**What you have to do**
Pictures don't belong in the copy; print all the records exactly.

[Short text fragments from websites]
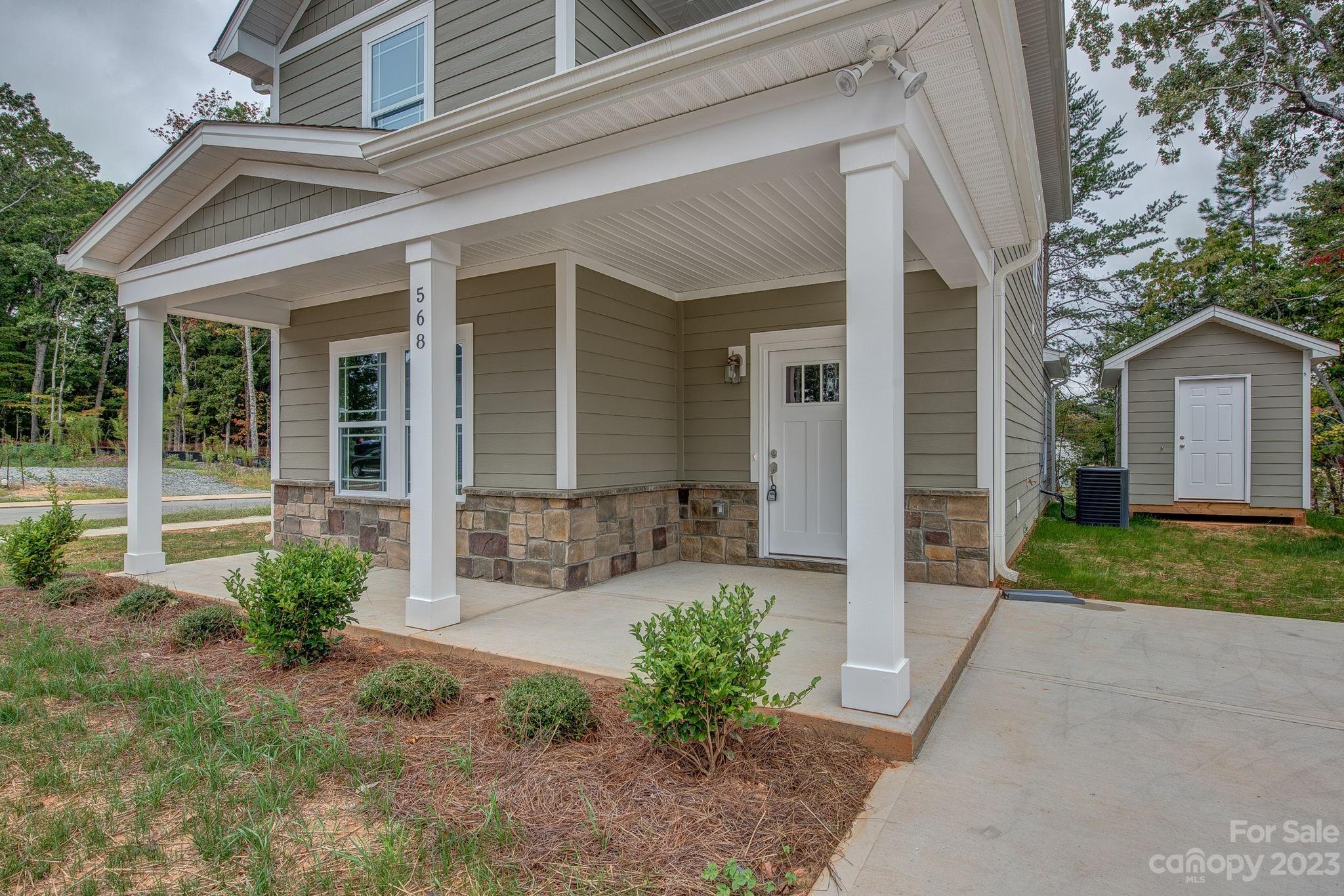 Dixon Village - Residential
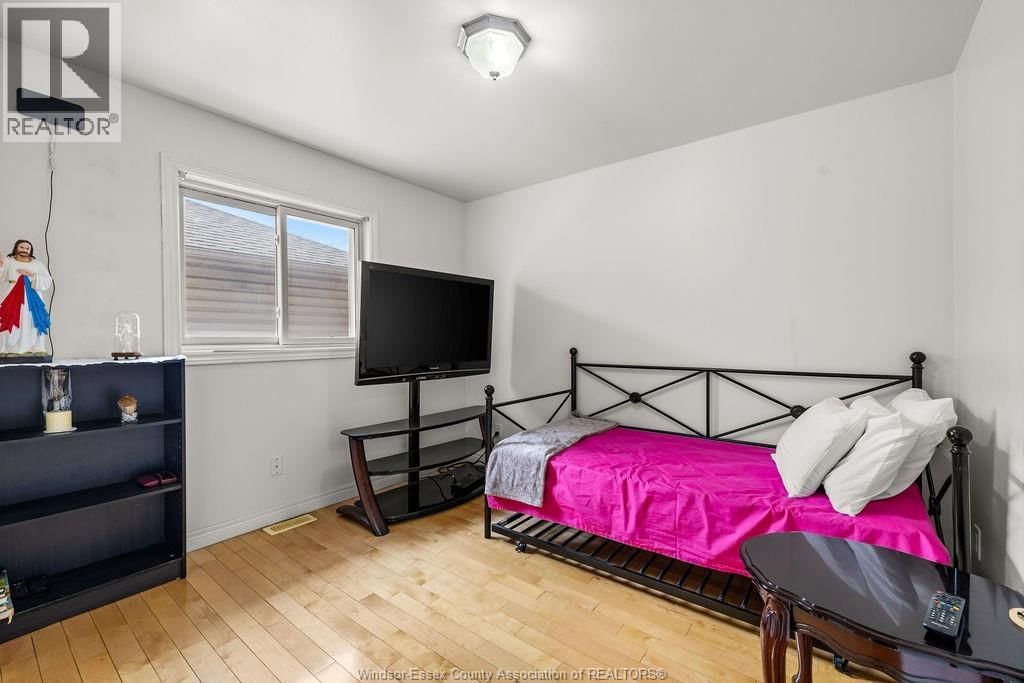 4620 BUNKER Image 14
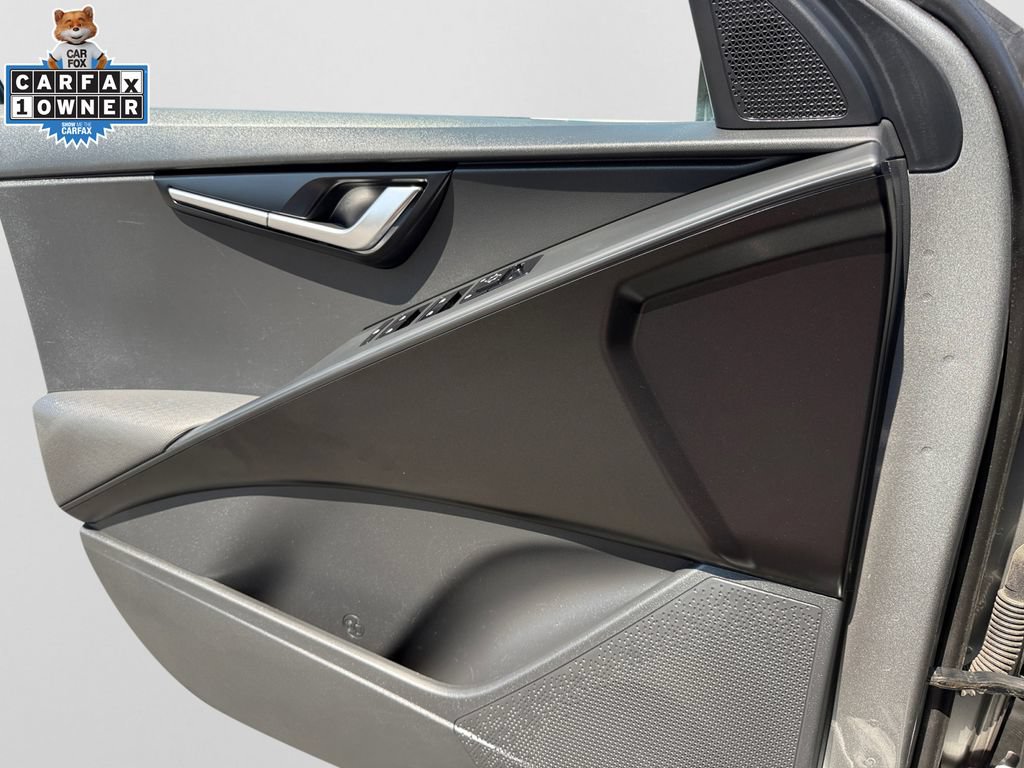Certified 2023 Kia Niro LX FWD image 28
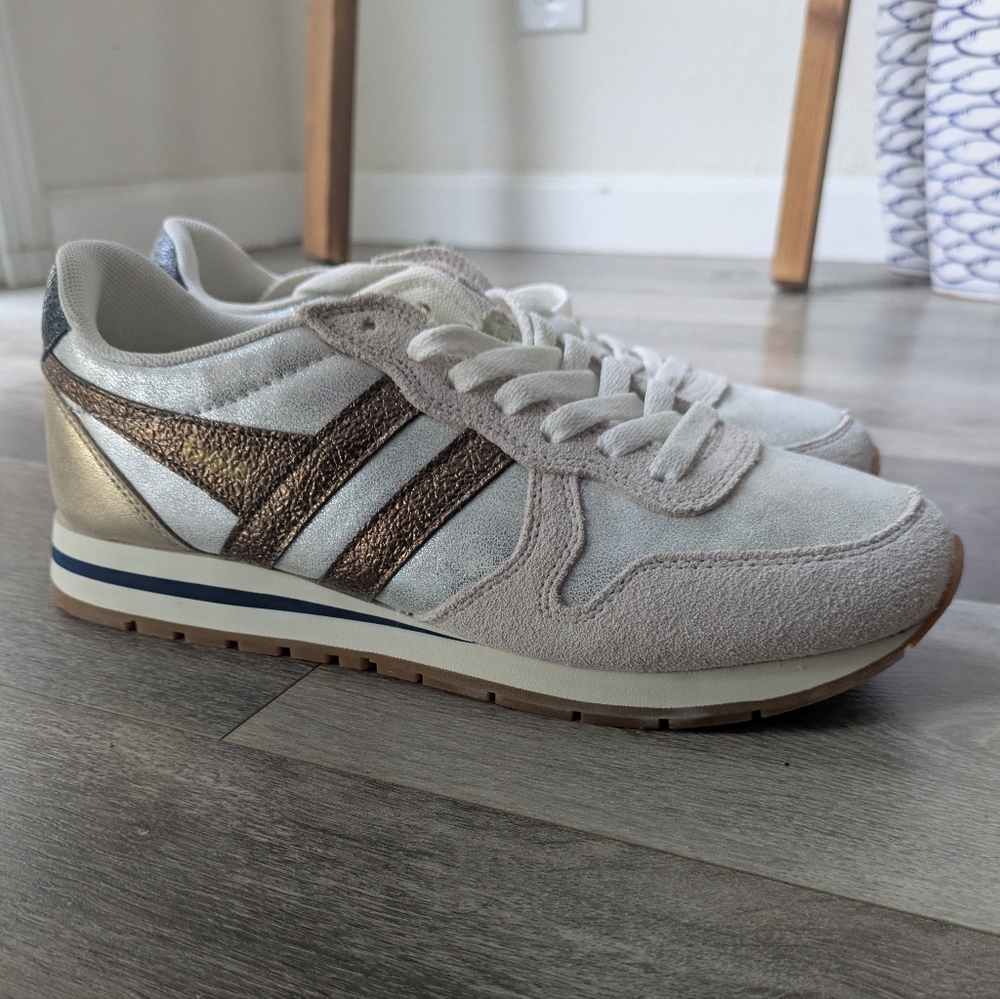 Gola Women's Sneakers in Gold and White - Size 8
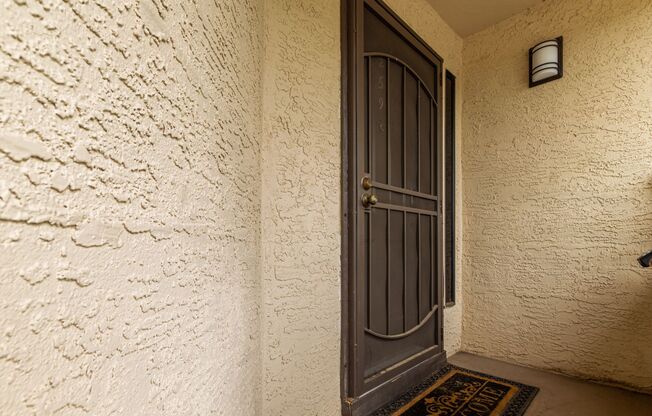 Luxurious Pool-View Condo in Scottsdale Village IV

**Response area**
 Dixon Village - Residential
 4620 BUNKER Image 14
Certified 2023 Kia Niro LX FWD image 28
 Gola Women's Sneakers in Gold and White - Size 8
 Luxurious Pool-View Condo in Scottsdale Village IV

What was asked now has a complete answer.